===== Input data =====

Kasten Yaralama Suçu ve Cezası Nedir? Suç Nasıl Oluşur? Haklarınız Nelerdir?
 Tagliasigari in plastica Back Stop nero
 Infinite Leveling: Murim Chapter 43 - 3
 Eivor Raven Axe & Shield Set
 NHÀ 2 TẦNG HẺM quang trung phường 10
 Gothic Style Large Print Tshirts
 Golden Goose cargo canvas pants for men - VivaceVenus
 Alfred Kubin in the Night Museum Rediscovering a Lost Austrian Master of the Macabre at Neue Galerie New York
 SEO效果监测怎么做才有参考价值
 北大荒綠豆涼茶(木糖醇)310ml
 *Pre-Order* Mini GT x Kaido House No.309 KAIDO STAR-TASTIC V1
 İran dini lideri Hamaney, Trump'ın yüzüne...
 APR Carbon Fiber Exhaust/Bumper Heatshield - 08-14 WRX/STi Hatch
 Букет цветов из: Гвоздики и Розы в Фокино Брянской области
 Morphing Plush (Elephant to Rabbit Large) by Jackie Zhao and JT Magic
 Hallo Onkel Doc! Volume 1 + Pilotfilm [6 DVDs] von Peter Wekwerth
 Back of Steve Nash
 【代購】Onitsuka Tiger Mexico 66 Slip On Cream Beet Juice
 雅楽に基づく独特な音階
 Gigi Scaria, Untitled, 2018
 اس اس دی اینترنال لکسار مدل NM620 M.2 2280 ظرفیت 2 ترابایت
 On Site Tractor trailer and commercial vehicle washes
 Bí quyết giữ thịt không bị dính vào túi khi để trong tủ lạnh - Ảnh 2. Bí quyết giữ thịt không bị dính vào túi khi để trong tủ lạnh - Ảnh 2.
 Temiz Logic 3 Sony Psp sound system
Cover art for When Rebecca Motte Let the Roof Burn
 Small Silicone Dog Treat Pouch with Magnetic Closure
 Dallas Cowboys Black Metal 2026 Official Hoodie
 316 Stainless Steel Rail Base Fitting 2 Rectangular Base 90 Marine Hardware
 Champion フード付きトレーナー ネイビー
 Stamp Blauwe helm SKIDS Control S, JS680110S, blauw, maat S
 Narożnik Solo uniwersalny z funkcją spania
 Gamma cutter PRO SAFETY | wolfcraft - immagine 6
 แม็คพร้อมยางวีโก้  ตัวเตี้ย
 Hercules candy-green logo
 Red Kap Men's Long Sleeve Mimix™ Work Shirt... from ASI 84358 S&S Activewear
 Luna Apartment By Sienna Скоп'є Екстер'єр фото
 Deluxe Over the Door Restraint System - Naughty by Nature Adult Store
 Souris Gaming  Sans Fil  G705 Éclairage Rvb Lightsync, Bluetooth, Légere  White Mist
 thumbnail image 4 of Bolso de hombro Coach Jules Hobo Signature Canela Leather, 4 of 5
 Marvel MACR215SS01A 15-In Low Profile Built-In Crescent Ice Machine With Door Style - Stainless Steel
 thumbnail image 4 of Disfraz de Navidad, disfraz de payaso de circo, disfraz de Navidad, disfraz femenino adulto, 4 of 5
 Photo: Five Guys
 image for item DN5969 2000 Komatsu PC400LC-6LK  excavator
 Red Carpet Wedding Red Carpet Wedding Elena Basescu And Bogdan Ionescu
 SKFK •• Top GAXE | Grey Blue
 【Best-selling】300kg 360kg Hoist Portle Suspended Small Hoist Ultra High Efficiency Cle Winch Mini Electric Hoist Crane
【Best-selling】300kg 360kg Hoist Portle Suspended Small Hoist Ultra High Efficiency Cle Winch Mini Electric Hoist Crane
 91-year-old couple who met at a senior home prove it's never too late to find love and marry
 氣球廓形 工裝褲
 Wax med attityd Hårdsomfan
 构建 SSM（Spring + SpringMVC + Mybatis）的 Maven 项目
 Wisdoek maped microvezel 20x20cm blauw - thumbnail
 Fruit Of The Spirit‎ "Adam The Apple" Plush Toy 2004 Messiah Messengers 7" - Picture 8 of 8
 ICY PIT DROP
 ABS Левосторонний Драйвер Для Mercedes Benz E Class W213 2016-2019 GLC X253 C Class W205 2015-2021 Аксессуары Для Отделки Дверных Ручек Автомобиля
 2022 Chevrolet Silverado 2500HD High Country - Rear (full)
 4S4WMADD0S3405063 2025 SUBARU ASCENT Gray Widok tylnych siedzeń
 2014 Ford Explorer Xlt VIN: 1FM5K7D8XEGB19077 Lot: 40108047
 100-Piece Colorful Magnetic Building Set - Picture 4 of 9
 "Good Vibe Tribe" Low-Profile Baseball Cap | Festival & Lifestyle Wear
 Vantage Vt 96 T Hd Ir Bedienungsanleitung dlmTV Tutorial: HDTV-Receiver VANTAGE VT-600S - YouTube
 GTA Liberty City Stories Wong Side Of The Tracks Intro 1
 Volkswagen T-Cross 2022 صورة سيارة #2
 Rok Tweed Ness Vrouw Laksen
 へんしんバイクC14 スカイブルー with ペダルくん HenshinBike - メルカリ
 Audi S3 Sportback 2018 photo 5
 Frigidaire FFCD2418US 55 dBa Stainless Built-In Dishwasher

=====

Where a line of the records has the string "Large", return that line.

* Solution for this exercise:
 Gothic Style Large Print Tshirts
 Morphing Plush (Elephant to Rabbit Large) by Jackie Zhao and JT Magic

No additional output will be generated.